Deze ongelijke behandeling wordt niet gerechtvaardigd door het arrest Zurstrassen. Het EG-recht verplicht de lidstaten immers niet om aan niet-inwoners belastingvoordelen toe te kennen die het aan belastingplichtige inwoners onthoudt. Dat het arrest Zurstrassen geen rechtvaardiging vormt voor deze ongelijke behandeling, geldt temeer nu de werking van artikel 8.9a van de Wet IB 2001 niet is beperkt tot inwoners van de Europese lidstaten, maar, afgezien van Zwitserland, ook ziet op inwoners van andere staten waarmee Nederland een verdrag ter voorkoming van dubbele belasting heeft gesloten. Voorts blijkt uit de hiervoor geciteerde wetsgeschiedenis (TK 2000/01, 27 466, nr. 3, blz. 75 en TK 2000/01, 27 466, nr. 6, blz. 104) dat de wetgever ervan is uitgegaan dat inwoners van Nederland steeds premieplichtig zijn voor de volkverzekeringen en daarom altijd aanspraak kunnen maken op het premiedeel van de heffingskorting. Dat uitgangspunt was echter niet juist. Ook inwoners kunnen onder bepaalde omstandigheden niet premieplichtig zijn voor de volksverzekeringen.
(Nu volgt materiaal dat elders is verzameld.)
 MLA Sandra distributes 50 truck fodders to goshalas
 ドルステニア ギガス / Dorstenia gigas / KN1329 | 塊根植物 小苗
Gevolg hiervan is dat de wetgever deze gevallen ook niet bij haar beoordeling heeft betrokken en hierin ook geen rechtvaardigingsgrond kan worden gevonden.

Uit het voorgaande volgt dat er sprake is van een niet te rechtvaardigen ongelijke behandeling van gelijke gevallen. De vraag is dan of de rechter rechtsherstel moet verlenen. In dit verband acht de rechtbank van belang dat verweerder ter zitting heeft verklaard dat het geval van eiseres op zichzelf staat en dat de Belastingdienst geen soortgelijke gevallen bekend zijn. Gelet daarop ziet de rechtbank geen belemmering om zelf rechtsherstel te verlenen en artikel 8.9a van de Wet IB 2001 ook op het geval van eiseres toe te passen.

Uit het voorgaande volgt dat beroep gegrond moet worden verklaard. Eiseres heeft recht op de bijzondere verhoging van de gecombineerde heffingskorting van artikel 8.9a van de Wet IB 2001. De heffingskorting van eiseres op grond van de artikelen 8.9 en 8.9a van de Wet IB 2001 bedraagt dan € 2.123 (de door de echtgenoot verschuldigde belasting ad € 2.180 -/- de vermindering wegens voorkoming van dubbele belasting).

Het beroep moet worden geacht mede te zijn gericht tegen de beschikking heffingsrente. De heffingsrente houdt louter verband met de correctie van de geclaimde heffingskorting. Nu het beroep betreffende de heffingskorting gegrond is, moet de beschikking heffingsrente worden vernietigd.


5. Proceskosten

De rechtbank ziet aanleiding voor een proceskostenveroordeling. De rechtbank heeft deze kosten op de voet van het Besluit proceskosten bestuursrecht begroot op voor beroepsmatig verleende bijstand € 1.310,50 (1 punt voor het indienen van een bezwaarschrift met een waarde per punt van € 218, 1 punt voor het indienen van een beroepschrift, 1 punt voor het verschijnen ter zitting en 0,5 punt voor het verschijnen ter nadere zitting, met een waarde per punt van € 437 en een wegingsfactor 1). Eiseres heeft niet gesteld andere kosten te hebben gemaakt die voor vergoeding in aanmerking komen.


6. Beslissing

De rechtbank:

  • verklaart het beroep gegrond;
  • vernietigt de uitspraak op bezwaar;
  • bepaalt dat de heffingskorting van eiseres € 2.123 bedraagt en handhaaft overigens de aanslag;
  • vernietigt de beschikking heffingsrente;
  • veroordeelt verweerder in de proceskosten van eiseres ten bedrage van € 1.310,50;
  • gelast dat verweerder het door eiseres betaalde griffierecht van € 41 vergoedt.


Deze uitspraak is gedaan door mr. E.C.G. Okhuizen, voorzitter, mr. M.C.G.J. van Well en mr. G.H.W. Bodt als rechters, in tegenwoordigheid van mr. P.J.G. Tiemessen, griffier.